Monday, August 8, 2011

Inevitable Fallout from Debt Deal

First the Republicans in Congress took the debt ceiling process hostage. Then they held out for an all-cuts settlement that follows party orthodoxy. During the weeks of negotiations, investors were evidently not impressed with the deal taking shape. The New York Stock Exchange's Dow Jones Industrial Index fell by 1,000 points.

After President Obama signed it on the last day before the deadline, Speaker John Boehner (R-Ohio) declared with satisfaction, "I'm very happy. I got 98% of what I wanted." Obviously unimpressed, the Dow Jones Industrials fell by another 500 points.

Also clearly unimpressed, Standard and Poore's subsequently downgraded the United States' credit rating from AAA to AA+. This is the first time that has ever happened.
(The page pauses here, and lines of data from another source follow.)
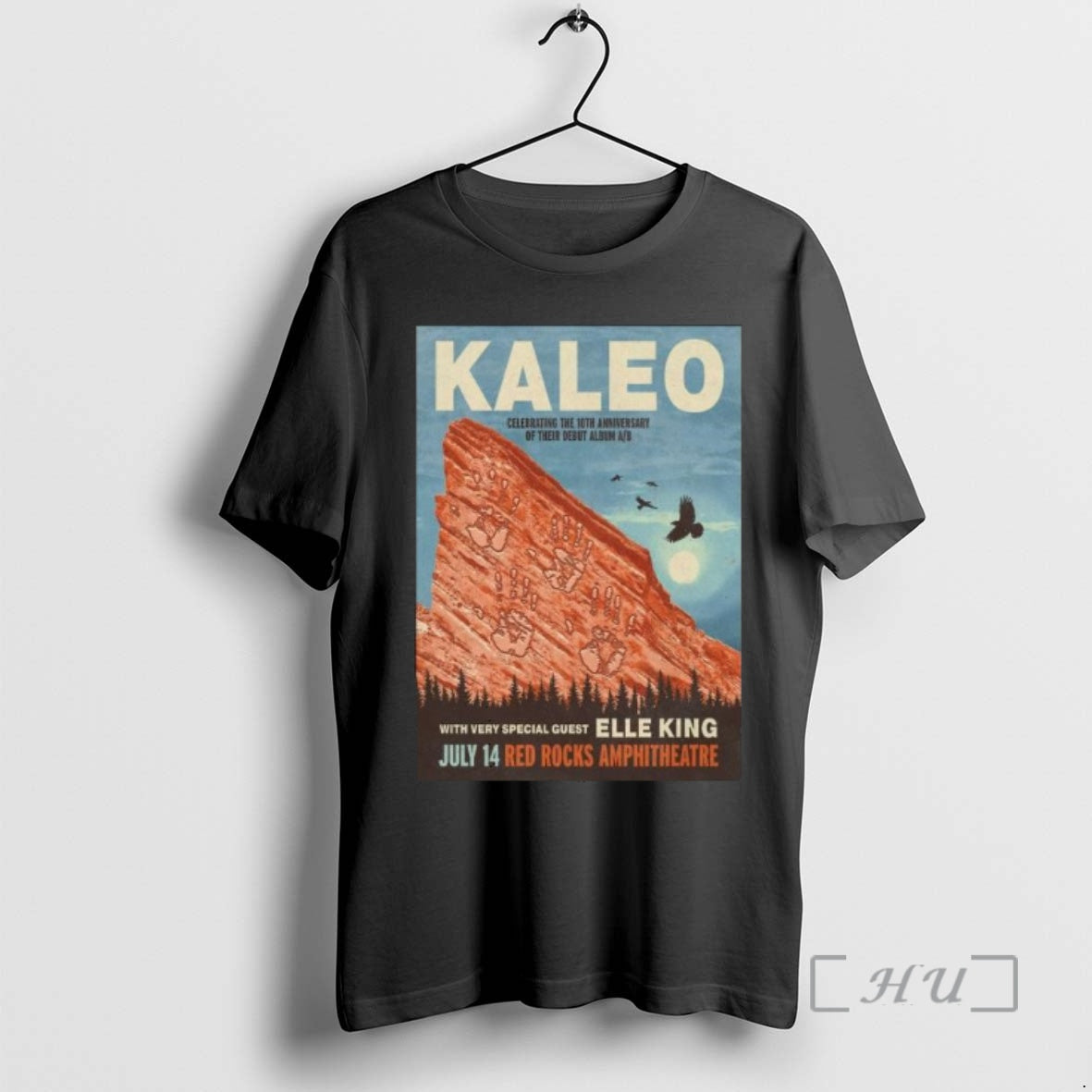 Officials Kaleo Elle King July 14 2026 Morrison Co Tour T-Shirts, Hoodie, Sweatshirt - T-Shirt, Sweatshirt, Hoodie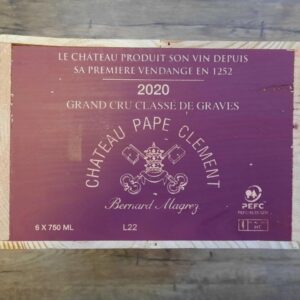Château Pape Clément Rouge 2020, einzeln oder in 6er-OHK 0,75 l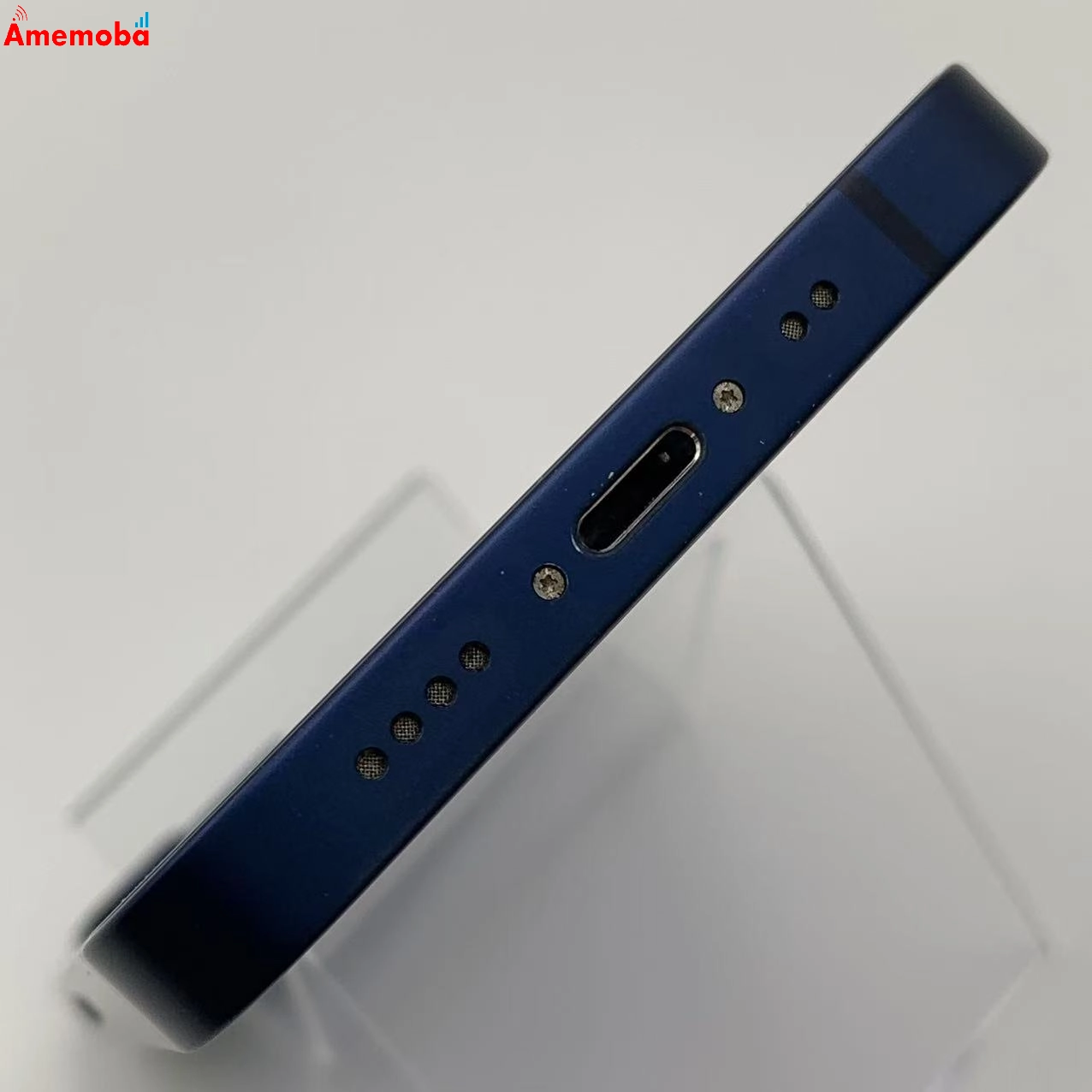 iPhone12 mini 128GB ブルー MGDP3J/A au版SIMフリー　訳あり品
Today, the first day the Stock Exchange was open after the downgrade, the Dow fell another 600 points.

So, the Republicans devised a settlement their congressional leader considers almost a perfect picture of how they would like to handle the federal budget going forward. And as a result, the value of American equity assets has fallen by about 18% in a month.

Even the business and investment community, frequently supportive of Republicans, recognizes their ideologically-driven approach to the budget for what it is--something that simply doesn't work, couched within a political strategy that reduces governance to gridlock.

Maybe now will come an opening for a realistic, "balanced" approach that fully addresses the problem? One can only hope, and if not, that the public will remember who crashed the bus when the next election rolls around.